§ Aim of the exercise: Go through the data below and transcribe it exactly. Omit the images.

★ ★ ★

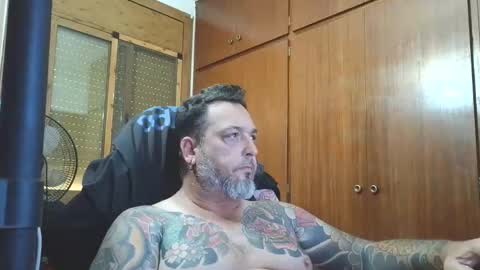 thekier online show from November 18, 2:43 pm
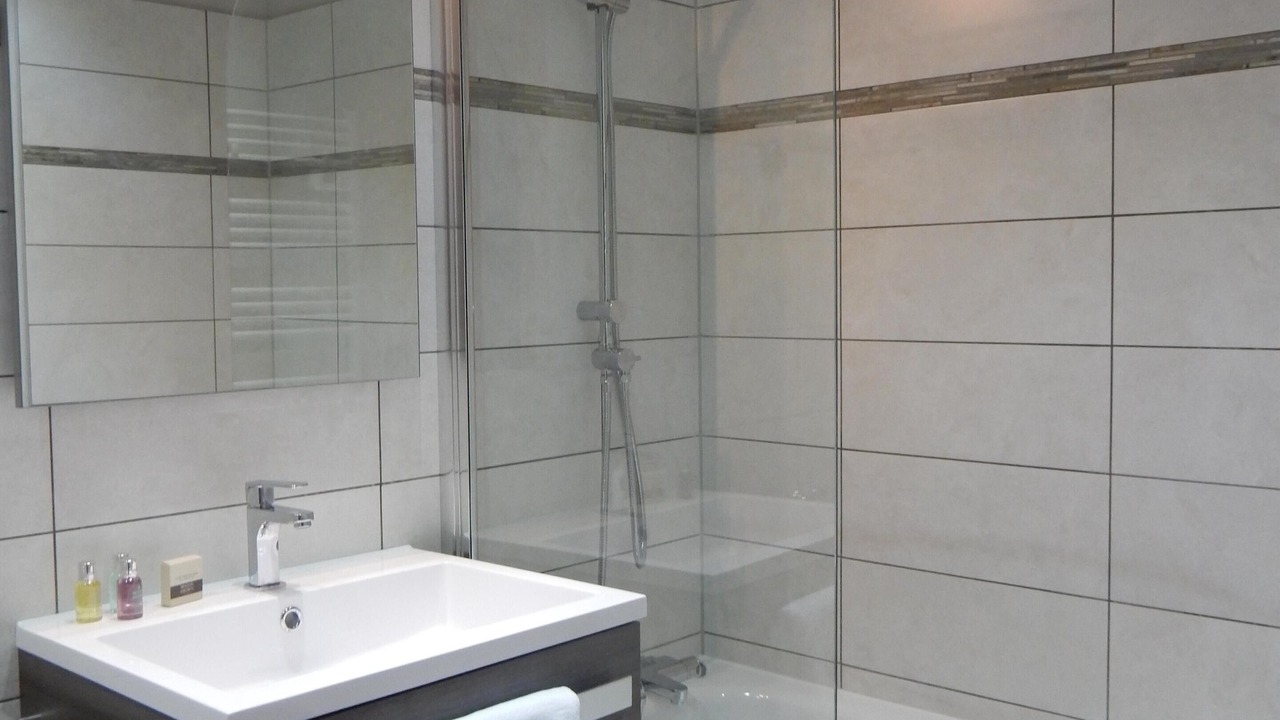 Photo of Bathroom in Arc-1950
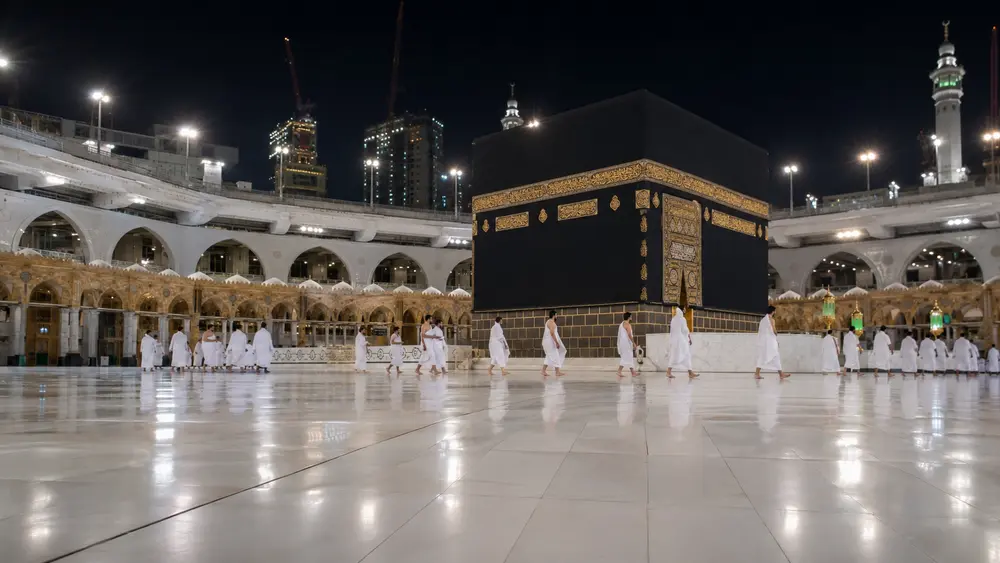 Suasana Masjidil Haram di dini hari yang lebih lengang dan tenang untuk tawaf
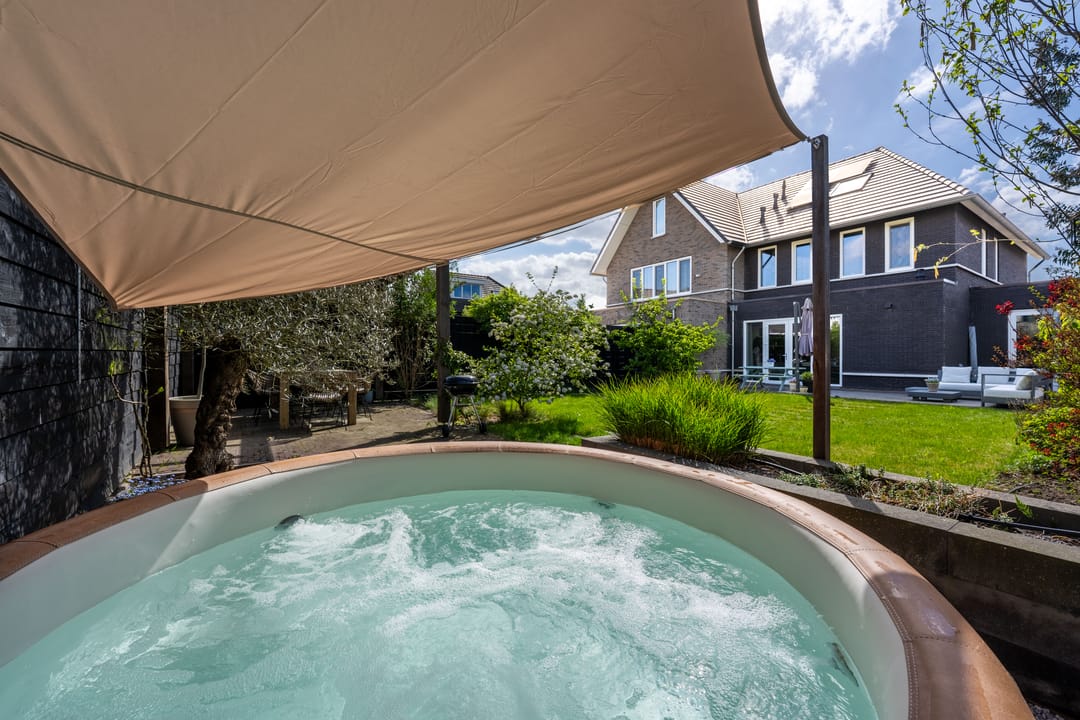 Luxury Semi-Detached Villa with Loft Master Suite in Wooded Almere-Hout — 62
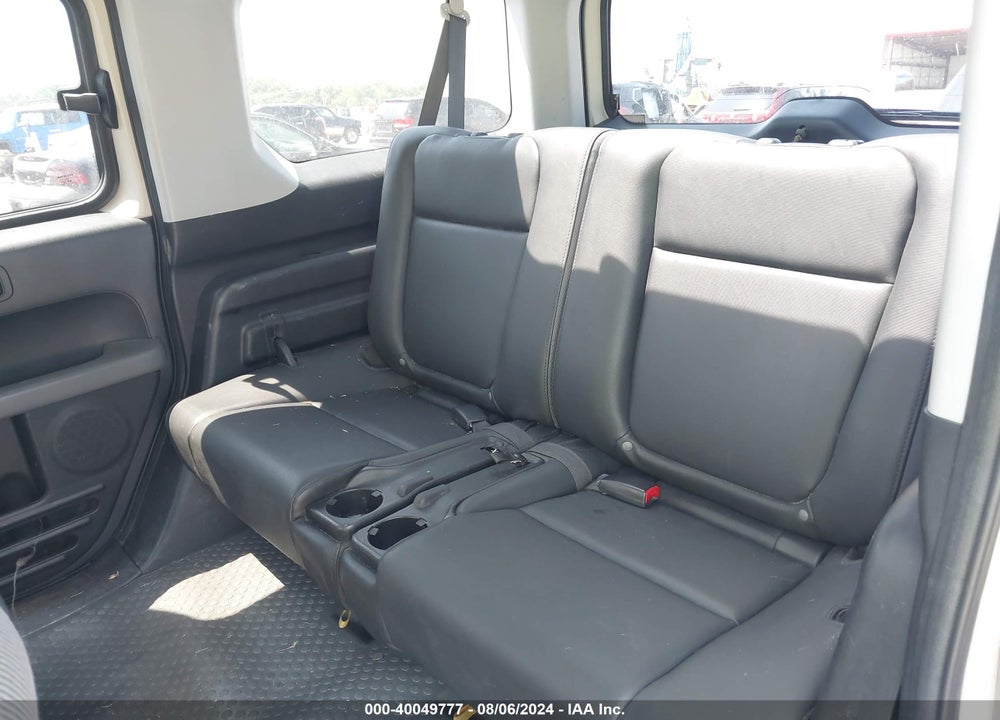 2005 HONDA ELEMENT LX VIN: 5J6YH27395L010307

★ ★ ★

§ Solution to the exercise:
 thekier online show from November 18, 2:43 pm
 Photo of Bathroom in Arc-1950
 Suasana Masjidil Haram di dini hari yang lebih lengang dan tenang untuk tawaf
 Luxury Semi-Detached Villa with Loft Master Suite in Wooded Almere-Hout — 62
 2005 HONDA ELEMENT LX VIN: 5J6YH27395L010307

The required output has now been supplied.